É verdade. Basta conferir os primeiros exemplares da Biblioteca Ruth Rocha, projeto da Salamandra que será formado por mais de 130 livros e terá um novo aspecto gráfico e ilustrações inéditas. Os títulos iniciais são destinados a crianças pequenas e em fase de alfabetização: O Coelhinho Que não Era de Páscoa, A Arca de Noé, Macacote e Porco Pança, O Trenzinho do Nicolau e outros seis livros.

INÍCIO
"Certo dia, eu brincava com minha filha pequena, Mariana. Tudo ia bem quando ela me perguntou por que preto é pobre", lembra-se. "Foi quando percebi que era chegado o momento de eu começar a escrever." Era 1969, ano em que a ditadura militar arregaçava as mangas e impunha brutalmente seu poder. Em meio a uma acirrada censura, a edição de número 10 da revista Recreio trazia uma história dela sobre preconceito. Romeu e Julieta, a Borboleta mostra a difícil convivência entre duas borboletas apaixonadas, mas impedidas de se amarem por serem de cores diferentes, uma azul, a outra amarela. "Uma história ingênua, mas que funcionou entre as crianças pequenas."

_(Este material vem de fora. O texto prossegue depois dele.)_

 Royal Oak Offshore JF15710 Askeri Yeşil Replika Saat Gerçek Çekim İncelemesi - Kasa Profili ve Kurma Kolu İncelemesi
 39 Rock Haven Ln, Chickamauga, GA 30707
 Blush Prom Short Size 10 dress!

Animada com a boa recepção, Ruth aumentou a produção (O Dono da Bola, Catapimba e Sua Turma, Teresinha e Gabriela, Meu Amigo Ventinho), embalando uma obra respeitável. "Os primeiros textos saíram em revistas e meu primeiro livro, Palavras, Muitas Palavras, só foi editado em 1976", conta ela que, inspirada em seu mestre, Monteiro Lobato, inventava narrativas criativas. E, como boa discípula de Emília, também abria espaço para contestação, ainda que velada.

É o caso de um de seus maiores sucessos, Marcelo, Marmelo, Martelo, sobre o garoto que questiona os nomes dados aos objetos: por que cadeira se chama cadeira? E por que ele não pode se chamar marmelo ou mesmo martelo? Os censores da época não perceberam embutida uma genial crítica à falta de liberdade.

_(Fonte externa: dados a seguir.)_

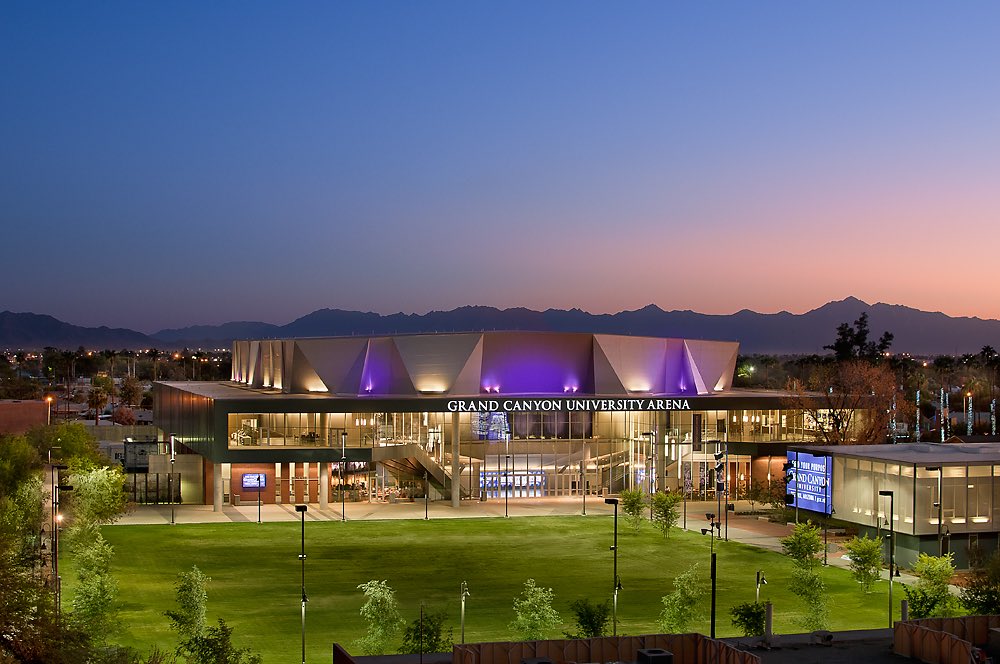 Had an awesome conversation this morning with the coaches at Grand Canyon University. All very passionate about the game and their players. Feeling super thankful to receive an offer  to play here!! <a href="/GCUWomensBball/">GCUWomensBasketball</a> <a href="/MollyMiller33/">Coach Molly Miller</a>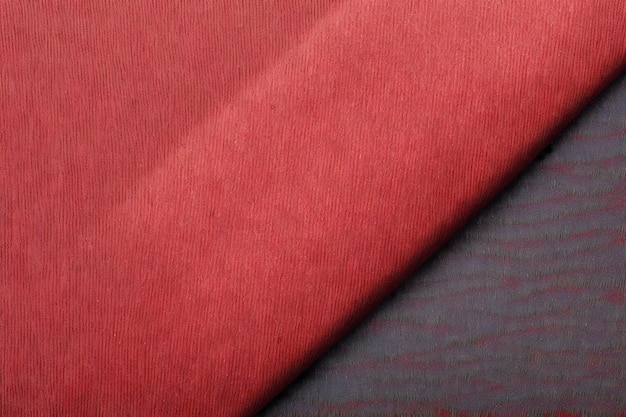 Un tissu rouge et noir avec une bande rouge foncé.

Já em O Reizinho Mandão, Ruth foi mais longe, quase beirando o protesto explícito ao mostrar um reino em que ninguém é feliz por conta de um monarca autoritário. A provocação chegou a intimidar certas escolas que, temerosas, vetaram a leitura do livro por seus alunos.

A força da obra, aliás, perdura ao longo dos anos. Em recente debate em uma escola pública, um menino insistiu que o reizinho era, na verdade, o presidente da República. "Respondi que não necessariamente, podia ser o pai ou mesmo um irmão mais velho, mas ele bateu o pé que era o presidente."

Em 40 anos de carreira, a escritora percebeu ganhos e perdas na educação infantil. A internet, por exemplo, é um instrumento de comunicação maravilhoso, mas pode perigosamente modificar o poder de concentração da criança. "Notei que, com o tempo, as crianças vêm perdendo sua capacidade de abstração", comenta. "Assim, em minhas histórias, prefiro não falar sobre sentimentos, pois o que os leitores mirins querem é ação, uma história concreta."

Ela também mantém o hábito de não criar personagens sofredores. "Não se deve cultivar o pessimismo em crianças", prega. "Claro que existem histórias tristes, mas nenhuma deve fechar com problemas insolúveis. O melhor é abrir caminhos e não fechar. Para a criança, é preferível inspirar a esperança."

A escritora que passou uma infância saudável (cercada de histórias contadas pelo avô Ioiô e pela mãe), que já vendeu milhões de exemplares, que tem livros traduzidos até para o urdu (língua literária do Paquistão), enfim, que é querida por seu público, continua valorizando a criança como um ser inteligente e dotado de espírito crítico.